Metadata-Version: 2.1
Name: jenn
Version: 0.1.0
Summary: Jacobian-Enhanced Neural Network (JENN)
Home-page: https://github.com/shb84/GENN.git
Author: Steven H. Berguin
Author-email: stevenberguin@gmail.com
License: UNKNOWN
Project-URL: Bug Tracker, https://github.com/shb84/GENN.git/issues
Description: # Jacobian-Enhanced Neural Network (JENN)
        
        Jacobian-Enhanced Neural Networks (JENN) are fully connected multi-layer
        perceptrons, whose training process was modified to account for gradient
        information.
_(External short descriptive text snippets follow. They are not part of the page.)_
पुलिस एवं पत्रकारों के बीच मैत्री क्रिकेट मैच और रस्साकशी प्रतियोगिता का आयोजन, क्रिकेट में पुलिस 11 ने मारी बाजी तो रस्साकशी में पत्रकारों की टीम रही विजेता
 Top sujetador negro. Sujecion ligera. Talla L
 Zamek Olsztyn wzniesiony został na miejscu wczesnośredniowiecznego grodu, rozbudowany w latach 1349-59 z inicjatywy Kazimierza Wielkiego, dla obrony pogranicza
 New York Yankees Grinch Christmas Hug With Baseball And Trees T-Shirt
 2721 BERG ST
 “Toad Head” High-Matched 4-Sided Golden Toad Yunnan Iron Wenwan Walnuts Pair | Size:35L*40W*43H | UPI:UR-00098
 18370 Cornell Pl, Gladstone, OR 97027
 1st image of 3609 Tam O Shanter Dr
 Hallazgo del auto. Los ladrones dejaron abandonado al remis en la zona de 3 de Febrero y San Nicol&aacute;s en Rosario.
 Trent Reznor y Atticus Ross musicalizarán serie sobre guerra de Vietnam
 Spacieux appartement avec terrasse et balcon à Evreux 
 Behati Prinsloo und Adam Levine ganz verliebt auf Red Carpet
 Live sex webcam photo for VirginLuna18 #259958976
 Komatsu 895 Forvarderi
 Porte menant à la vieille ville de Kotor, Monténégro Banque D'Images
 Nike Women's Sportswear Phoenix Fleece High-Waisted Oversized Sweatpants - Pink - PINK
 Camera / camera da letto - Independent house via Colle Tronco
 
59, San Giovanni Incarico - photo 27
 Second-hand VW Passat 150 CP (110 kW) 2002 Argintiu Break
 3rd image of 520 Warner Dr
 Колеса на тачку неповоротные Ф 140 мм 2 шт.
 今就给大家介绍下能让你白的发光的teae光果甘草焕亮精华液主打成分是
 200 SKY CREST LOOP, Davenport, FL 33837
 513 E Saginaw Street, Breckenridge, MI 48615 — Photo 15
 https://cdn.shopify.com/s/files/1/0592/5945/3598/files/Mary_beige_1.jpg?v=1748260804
Specifically, the parameters are learned by minimizing the Least
        Squares Estimator (LSE), modified to minimize prediction error of both 
        response values and partial derivatives. 
        
        The chief benefit of gradient-enhancement is better accuracy with
        fewer training points, compared to full-connected neural nets without
        gradient-enhancement. JENN applies to regression, but not classification since there is no gradient in that case.
        
        This particular implementation is fully vectorized and uses Adam optimization,
        mini-batch, and L2-norm regularization. Batch norm is not implemented and,
        therefore, very deep networks might suffer from exploding and vanishing
        gradients. This would be a useful addition for those who would like to
        contribute. 
        
        The core algorithm was written in Python 3 and requires only numpy. However, 
        Matplotlib is required for plotting, some examples 
        depend on pyDOE2 for generating synthetic data, and example notebooks 
        require Jupyter to run. For now, documentation only exists in the form of a 
        [PDF](https://github.com/shb84/JENN/blob/master/docs/theory.pdf) with the 
        theory and [jupyter notebook examples](https://github.com/shb84/JENN/tree/master/demo) on the project website. 
        
        Jacobian-Enhanced Neural Net            |  Standard Neural Net
        :-------------------------:|:-------------------------:
        ![](pics/JENN.png)  |  ![](pics/NN.png)
        
        > NOTE: this project was originally called GENN, but was renamed since a pypi package of that name already exists.
        
        ----
        
        # Main Features
        
        * Multi-Task Learning : predict more than one output with same model Y = f(X) where Y = [y1, y2, ...]
        * Jacobian prediction : analytically compute the Jacobian (_i.e._ forward propagation of dY/dX)
        * Gradient-Enhancement: minimize prediction error of partials during training (_i.e._ back-prop accounts for dY/dX)
        
        ----
        
        # Installation
        
        # Users
        
            pip install jenn
        
        # Developers
        
        Clone the repo: 
        
            git clone https://github.com/shb84/JENN.git 
            
        From inside the repo, create a new conda environment for the project (called `jenn` by default): 
            
            conda env create -f environment.yml 
            conda activate JENN 
        
        Test that your environment is working by running unit tests. From the root directory of the repo, type: 
        
            pytest 
        
        All tests should pass. You should also try running the notebooks in `demo/` and the the usage example below. 
        
        > NOTE: If jupyter throws `ModuleNotFoundError: No module named` but the package is installed, 
        > then Jupyter might be running a different kernel then the one associated 
        > with your conda env. To fix this, add your conda environment as kernel so that it can 
        > be selected when running Jupyter: 
        >
            ipython kernel install --user --name=<env_name>
        
        ----
        
        # Usage
        
        **Checkout demo for more detailed tutorials in the form of jupyter notebooks**
        
            import numpy as np
            from jenn import JENN
            import pickle
        
            def synthetic_data(): 
                f = lambda x: x * np.sin(x)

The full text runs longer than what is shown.